A cada cinco anos dobra o comércio internacional brasileiro, mesmo com o governo rezando para que não cresça muito a nossa economia, senão ficará ainda mais evidente a precariedade, por exemplo, da infra-estrutura nacional de geração de energia. "Infra"-estrutura? Palavra bem apropriada, é "infra" mesmo, muito pequena para as necessidades de um país que deveria crescer a passos ainda mais largos, para gerar condições dignas de vida para seus habitantes. E que poderia crescer bem mais, se fossem criadas as condições para isso, como fizeram China e outros países, que em período semelhante da história recente saíram da quase nulidade em termos de comércio internacional e hoje são apontados como as grandes potências do século XXI.
Há 200 anos, um rei português, d. João VI, ao transferir sua Corte para o Brasil, elevou a então colônia à condição de Reino Unido ao de Portugal e, como primeira medida, decretou a abertura dos portos às nações amigas, ato que, por si só, representava um reconhecimento, dois séculos atrás, da importância dos portos para uma nação.
O que se sabia no século XIX parece ter sido esquecido no embate dos interesses imediatistas que no final do século seguinte fizeram a economia brasileira naufragar ou no máximo boiar em meio às tormentas. O Brasil, que em 1960 transportava ao longo de sua costa e nos principais rios, ainda em navios de madeira, a maioria de seus bens industriais e mesmo grande parte dos viajantes internos, abandonou primeiro a navegação de cabotagem, em favor das estradas de rodagem; o País que poucos anos depois de sua independência surpreendia o mundo com a audácia das construções ferroviárias, via a partir de 1970 as poucas ferrovias restantes entrarem em rápida decadência.
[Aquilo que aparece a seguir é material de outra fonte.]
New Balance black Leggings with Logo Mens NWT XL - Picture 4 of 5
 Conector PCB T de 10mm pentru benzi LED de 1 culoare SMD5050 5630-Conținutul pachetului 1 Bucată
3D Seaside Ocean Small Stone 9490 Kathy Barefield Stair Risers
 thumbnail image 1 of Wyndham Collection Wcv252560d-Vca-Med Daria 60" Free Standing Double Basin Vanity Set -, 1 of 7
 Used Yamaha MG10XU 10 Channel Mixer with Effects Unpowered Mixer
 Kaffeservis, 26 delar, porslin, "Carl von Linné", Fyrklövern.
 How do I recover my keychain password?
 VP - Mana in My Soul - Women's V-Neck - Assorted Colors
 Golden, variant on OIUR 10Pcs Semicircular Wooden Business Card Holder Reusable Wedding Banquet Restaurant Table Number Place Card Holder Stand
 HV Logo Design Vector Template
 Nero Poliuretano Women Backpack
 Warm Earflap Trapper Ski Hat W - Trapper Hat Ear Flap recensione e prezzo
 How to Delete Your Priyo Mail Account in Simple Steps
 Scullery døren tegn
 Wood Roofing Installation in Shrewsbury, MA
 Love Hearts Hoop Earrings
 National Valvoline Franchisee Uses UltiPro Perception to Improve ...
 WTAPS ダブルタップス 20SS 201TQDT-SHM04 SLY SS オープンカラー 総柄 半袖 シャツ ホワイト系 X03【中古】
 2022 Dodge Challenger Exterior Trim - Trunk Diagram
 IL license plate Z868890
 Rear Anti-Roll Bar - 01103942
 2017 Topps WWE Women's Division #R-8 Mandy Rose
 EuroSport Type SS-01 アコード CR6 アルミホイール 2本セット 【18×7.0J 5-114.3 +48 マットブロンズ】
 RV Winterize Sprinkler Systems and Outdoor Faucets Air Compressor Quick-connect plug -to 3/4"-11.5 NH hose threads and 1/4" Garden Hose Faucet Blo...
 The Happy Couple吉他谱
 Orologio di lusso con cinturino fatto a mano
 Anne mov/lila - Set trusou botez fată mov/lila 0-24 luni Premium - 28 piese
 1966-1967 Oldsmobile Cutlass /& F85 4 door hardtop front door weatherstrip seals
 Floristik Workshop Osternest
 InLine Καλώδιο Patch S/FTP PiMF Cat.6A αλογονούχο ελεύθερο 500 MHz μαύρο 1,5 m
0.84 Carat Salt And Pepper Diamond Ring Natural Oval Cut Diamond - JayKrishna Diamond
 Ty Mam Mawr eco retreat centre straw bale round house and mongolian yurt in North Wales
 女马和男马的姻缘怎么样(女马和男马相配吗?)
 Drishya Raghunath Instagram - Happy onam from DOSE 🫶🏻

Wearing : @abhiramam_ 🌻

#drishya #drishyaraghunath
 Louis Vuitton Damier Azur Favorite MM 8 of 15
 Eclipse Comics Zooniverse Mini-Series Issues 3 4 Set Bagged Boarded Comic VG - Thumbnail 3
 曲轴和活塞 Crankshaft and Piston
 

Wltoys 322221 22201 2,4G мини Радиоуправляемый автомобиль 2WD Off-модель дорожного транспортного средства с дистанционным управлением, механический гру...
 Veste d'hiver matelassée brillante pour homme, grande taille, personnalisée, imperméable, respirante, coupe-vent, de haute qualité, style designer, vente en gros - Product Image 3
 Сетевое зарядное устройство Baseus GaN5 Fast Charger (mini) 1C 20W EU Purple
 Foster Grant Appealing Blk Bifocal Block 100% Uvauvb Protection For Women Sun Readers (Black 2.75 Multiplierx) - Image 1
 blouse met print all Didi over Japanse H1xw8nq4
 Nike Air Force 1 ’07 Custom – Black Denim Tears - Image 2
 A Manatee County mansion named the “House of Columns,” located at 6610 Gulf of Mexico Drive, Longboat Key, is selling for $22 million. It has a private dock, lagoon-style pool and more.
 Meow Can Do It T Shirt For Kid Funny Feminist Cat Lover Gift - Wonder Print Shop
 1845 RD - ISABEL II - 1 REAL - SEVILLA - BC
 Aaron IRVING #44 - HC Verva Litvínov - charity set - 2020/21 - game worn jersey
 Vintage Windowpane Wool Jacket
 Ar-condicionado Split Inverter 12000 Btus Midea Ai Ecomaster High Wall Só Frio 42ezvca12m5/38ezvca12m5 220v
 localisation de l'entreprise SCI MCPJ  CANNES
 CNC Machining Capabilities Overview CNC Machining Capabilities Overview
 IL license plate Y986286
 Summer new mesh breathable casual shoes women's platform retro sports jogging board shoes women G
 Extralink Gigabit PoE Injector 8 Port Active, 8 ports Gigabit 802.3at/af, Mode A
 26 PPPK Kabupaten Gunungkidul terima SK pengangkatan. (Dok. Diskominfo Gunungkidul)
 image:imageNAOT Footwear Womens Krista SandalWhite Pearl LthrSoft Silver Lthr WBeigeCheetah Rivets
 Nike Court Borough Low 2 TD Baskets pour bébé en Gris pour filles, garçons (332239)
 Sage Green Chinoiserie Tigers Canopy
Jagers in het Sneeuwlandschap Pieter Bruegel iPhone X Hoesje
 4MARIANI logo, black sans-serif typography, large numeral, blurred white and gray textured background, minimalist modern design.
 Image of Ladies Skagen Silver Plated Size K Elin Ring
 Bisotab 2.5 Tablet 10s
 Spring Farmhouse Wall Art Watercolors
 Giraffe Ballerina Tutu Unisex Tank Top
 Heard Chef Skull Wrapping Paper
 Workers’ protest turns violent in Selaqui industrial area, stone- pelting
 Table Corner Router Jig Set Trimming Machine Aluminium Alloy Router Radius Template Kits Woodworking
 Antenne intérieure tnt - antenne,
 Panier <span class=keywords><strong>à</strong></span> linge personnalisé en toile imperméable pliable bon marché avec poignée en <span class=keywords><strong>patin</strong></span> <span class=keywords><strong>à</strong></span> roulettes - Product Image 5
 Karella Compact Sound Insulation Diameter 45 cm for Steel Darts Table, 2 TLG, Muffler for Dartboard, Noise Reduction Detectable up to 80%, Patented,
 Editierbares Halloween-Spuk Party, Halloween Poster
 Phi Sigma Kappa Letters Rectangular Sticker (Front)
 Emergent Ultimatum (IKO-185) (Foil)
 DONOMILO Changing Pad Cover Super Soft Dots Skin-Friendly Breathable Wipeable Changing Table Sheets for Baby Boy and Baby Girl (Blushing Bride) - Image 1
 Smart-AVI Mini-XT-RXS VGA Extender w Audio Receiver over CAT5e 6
Mais uma década, e nos anos 1980 perdia a sua construção naval, que chegou a ser uma das dez maiores do mundo; e, para completar - com chave de latão enferrujado - o século XX, na década passada entregou a sua navegação de longo curso a grupos estrangeiros, permitindo que o percentual de cargas transportadas em navios nacionais caísse de um número próximo do ideal de 50%, para menos de 2%.
Atendendo aos insistentes pedidos estrangeiros, abriu não só os portos, mas toda a sua economia, ao mundo, que enviou imediatamente representantes para arrecadarem o filão de cada setor, deixando aos nacionais quase sempre apenas os custos. Contrapartidas? Nem pensar. Ainda que fossem oferecidas, o País não teria condições de aproveitar, pois com a inflação só recentemente contida, com o descontrole dos gastos públicos (compensado pelos maiores índices de impostos de sua história, também os maiores do mundo moderno), somente o sistema bancário poderia prosperar, como prosperou, atingindo igualmente os números mais expressivos de lucratividade do mundo (e, se não tivessem lucro, sempre haveria uma ajudazinha governamental...)
Foram décadas de imprevidência, de descontrole, de malversação de recursos, e o resultado aí está: um verdadeiro desastre logístico, que o governo tenta disfarçar e corrigir com um Plano de Aceleração do Crescimento (PAC), também ele meio perdido em suas definições e nos meandros da excessiva burocracia.
O Brasil tinha uma sadia matriz de transportes no século XIX, quando a maior parte do transporte de cargas era feito por navegação costeira ou ferrovia. Inverteu esse padrão, gastando na construção de rodovias hoje quase inaproveitáveis e perigosas por falta de manutenção, e abandonando a cabotagem, o transporte ferroviário. Hoje, precisa deles para retomar seu crescimento, e tem de correr contra o tempo para recuperá-los, mas a tarefa já se revela inglória: as cidades cresceram, tomaram conta até das áreas que todos sabiam há décadas que precisariam ser usadas para a expansão dos transportes.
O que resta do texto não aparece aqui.